Isaiah 1-2 and Psalm 96
Over the next few weeks or so we’ll read Isaiah, the first of the major prophets, “the vision concerning Judah and Jerusalem that Isaiah son of Amoz saw during the reigns of Uzziah, Jotham, Ahaz and Hezekiah, kings of Judah.” Isaiah 1:1
Isaiah begins by setting the stage:
Hear me, you heavens! Listen, earth!
For the Lord has spoken:
“I reared children and brought them up,
but they have rebelled against me.
The ox knows its master,
the donkey its owner’s manger,
but Israel does not know,
my people do not understand.”
The prophetic words are for the ears of Israel, especially the kings who are trying to follow the Lord, but they sound contemporary in many ways.
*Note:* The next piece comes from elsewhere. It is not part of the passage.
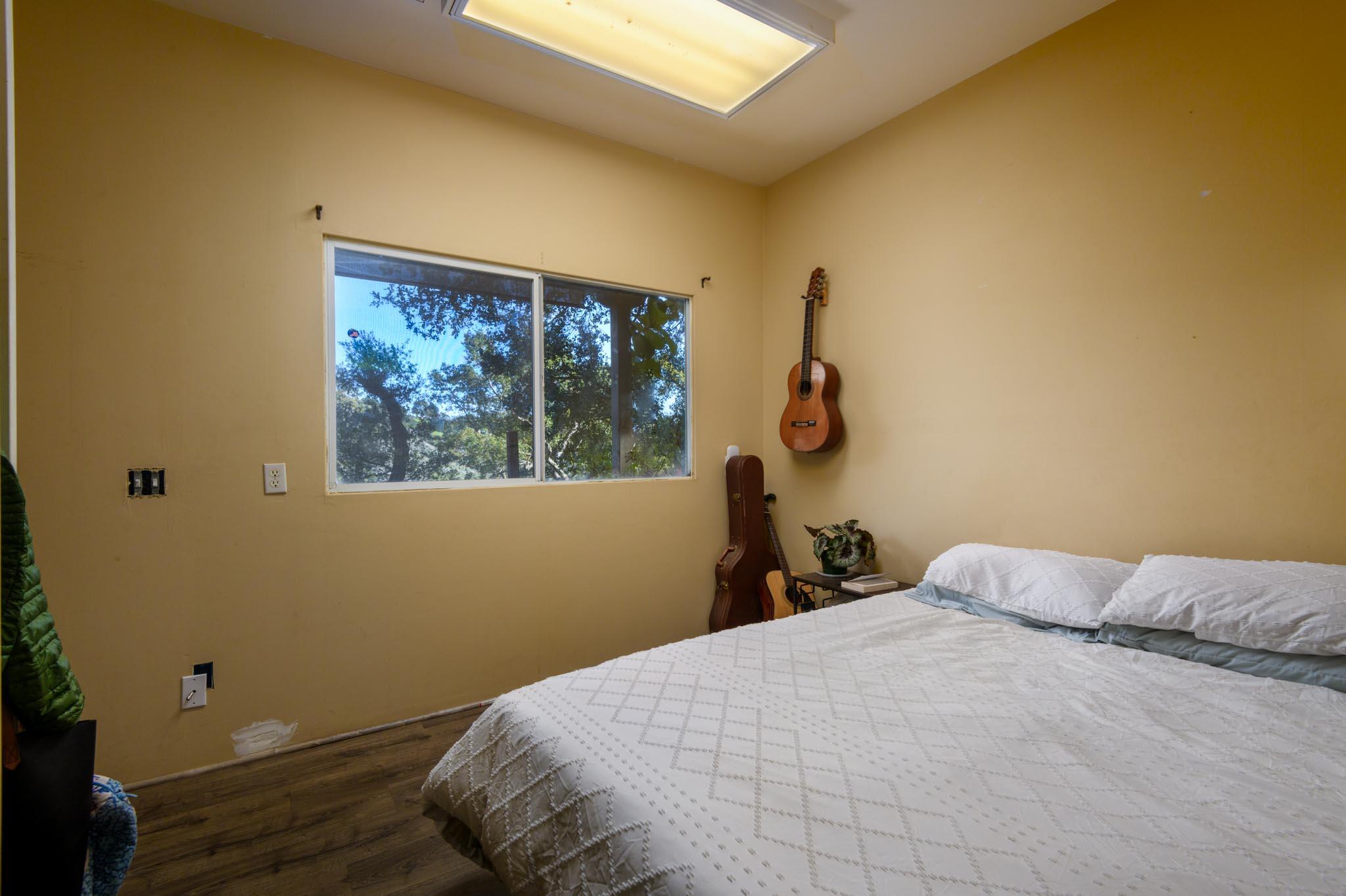 1250 Northridge Road Santa Barbara, CA 93105 - Photo 31 of 37 a bedroom with a bed and a window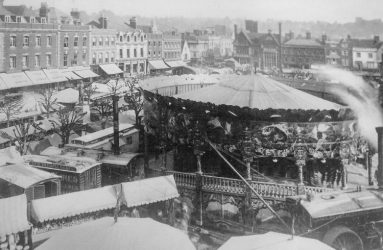 Steam carousel and wagons in Market Place, Salisbury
The Creator speaks through Isaiah with harsh words:
Stop bringing meaningless offerings!
Your incense is detestable to me.
Wash and make yourselves clean.
Take your evil deeds out of my sight;
stop doing wrong.
Learn to do right; seek justice.
Defend the oppressed.
Take up the cause of the fatherless;
plead the case of the widow.
Historically, this is an awful time for God’s chosen people. Around 1,400 BC Moses is sent to deliver God’s people from Egypt. Amos, Jonah and Hosea prophesy to the northern kingdom in an attempt to warn them about the pending exile around 750 BC. Isaiah’s ministry begins around the same time for those in the southern kingdom. Nearly 700 years have past since Joshua led Israel into the Promised Land. Now our ancestors, our forefathers, have been greatly reduced and to a large extent, lost again in the Promised Land with great and wonderful memories of God’s provision.
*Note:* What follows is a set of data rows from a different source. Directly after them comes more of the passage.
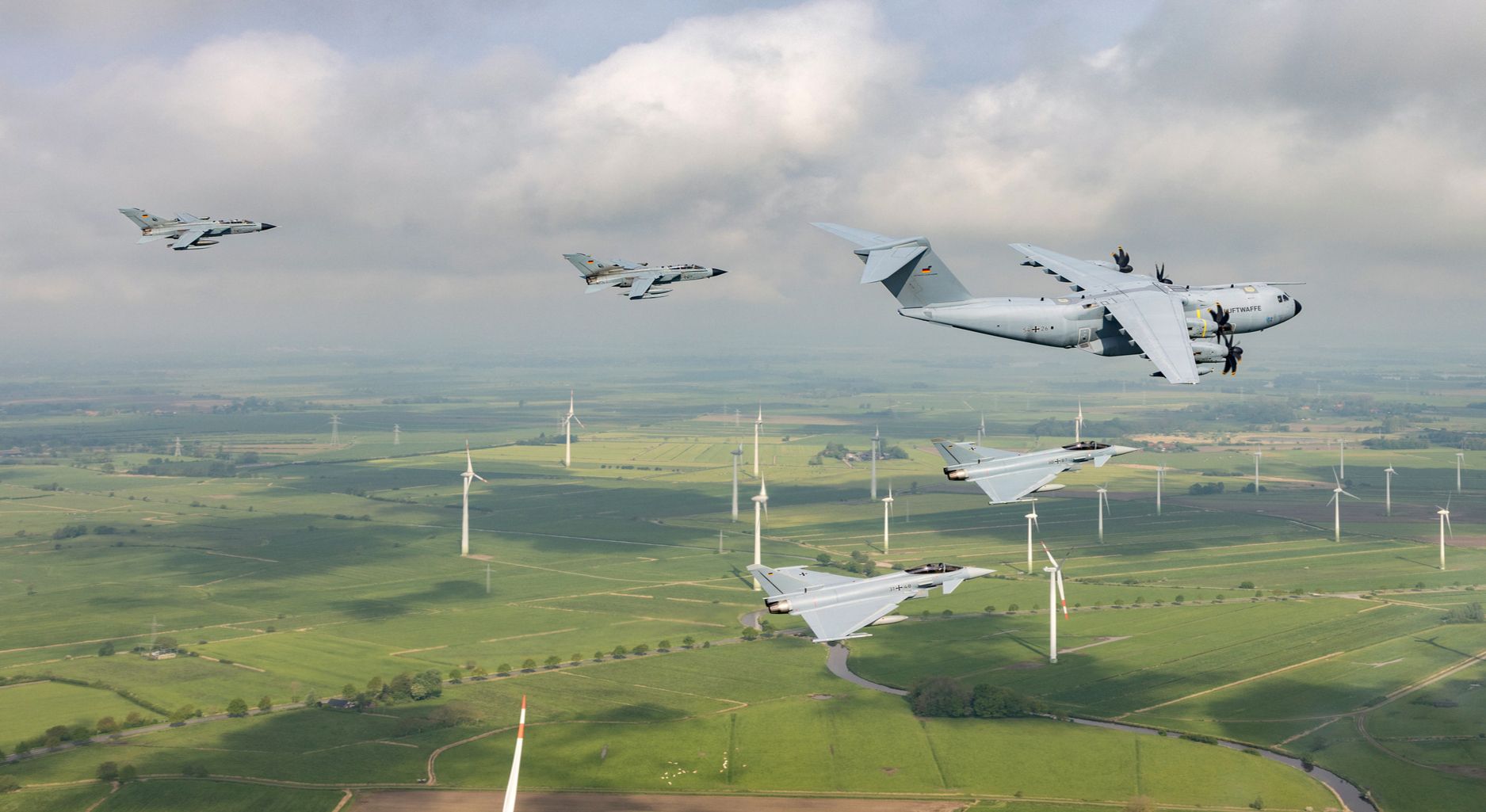 Aerial view; fighter jets flying in the foreground; wind turbines scattered across a grassy landscape in the background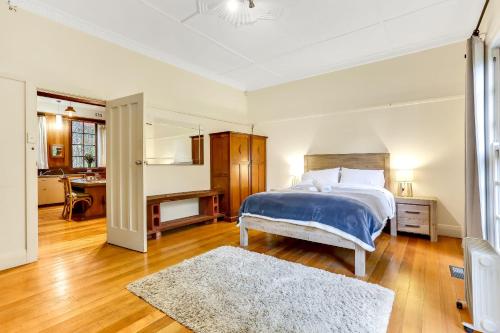 a bedroom with a large bed and a bathroom at Magnolia Gardens - 2 Perrins Creek Rd Olinda in Olinda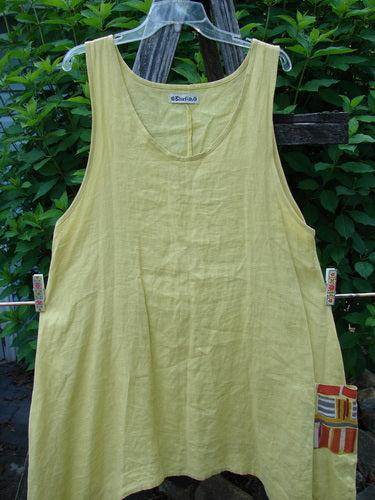 Barclay Linen Single Side Pocket Pinafore Geos Sunshine Size 1 hangs on a clothesline, showcasing its sweeping A-line flair, deeper scoop neckline, and painted exterior pocket.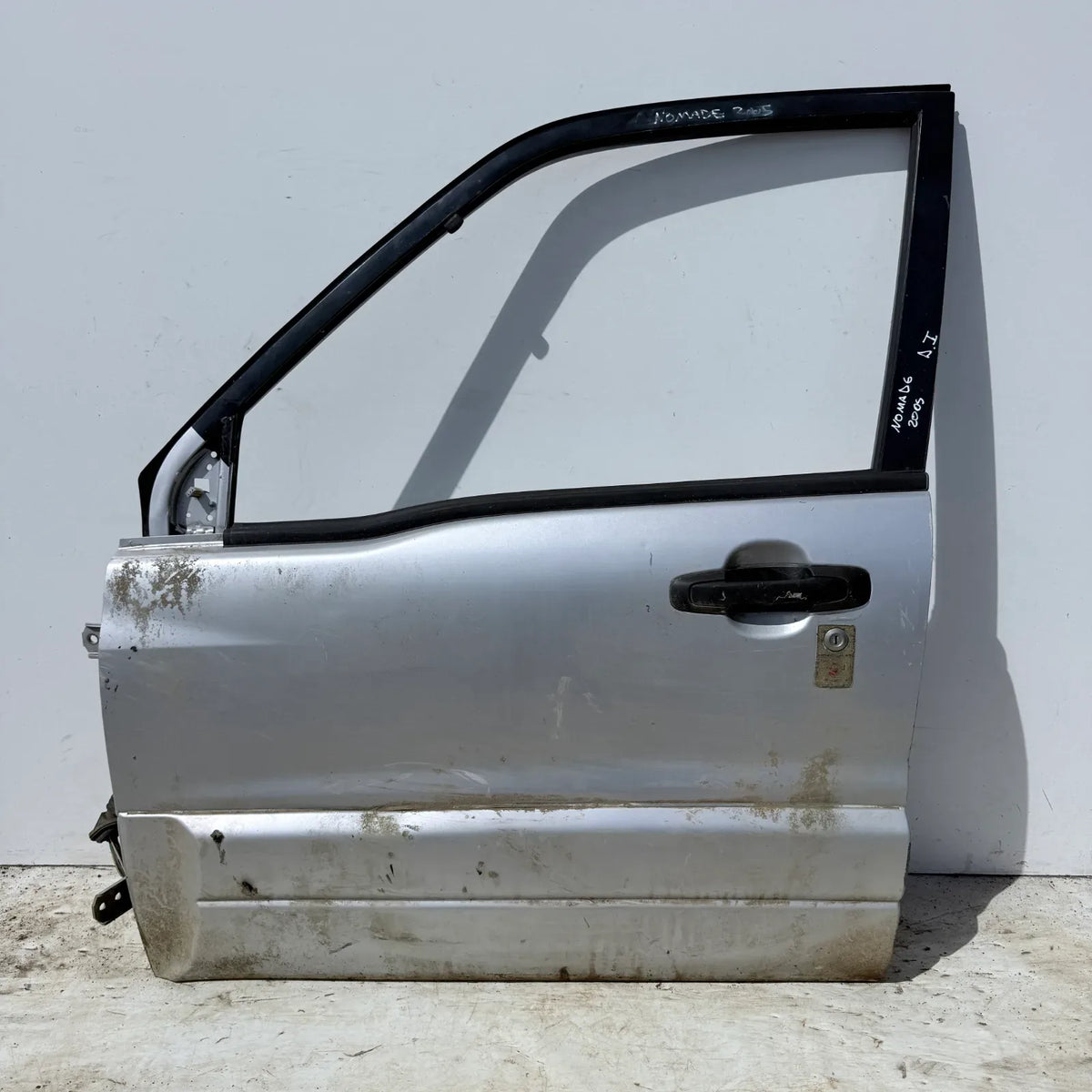 Puerta lata DELANTERA IZQUIERDA Suzuki Nomade 2005 - 4x2 Bencina Mecánico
We read through 700 years of history in a matter of hours and perhaps we shake our heads and point our fingers at their deplorable actions. God speaks through his prophets to warn, to rebuke, to chastise because he loves his people! Again and again, he attempts to bring about reconciliation:
“Come now, let us settle the matter,”
says the Lord.
“Though your sins are like scarlet,
they shall be as white as snow;
though they are red as crimson,
they shall be like wool.
If you are willing and obedient,
you will eat the good things of the land;
but if you resist and rebel,
you will be devoured by the sword.”
For the mouth of the Lord has spoken.
If we are willing and obedient. A big “if” some days. Certainly not something we like to preach about! I prefer to highlight the positive statements. I keep looking through the Old Testament for the remnant, the few who heard and listened to the warnings. I know there were some, perhaps many, who were unnamed, they simply went about their lives in complete loyalty and devotion. Their sphere of influence small, but committed. I’m grateful for their legacy that seeped into the DNA of the first disciples and apostles.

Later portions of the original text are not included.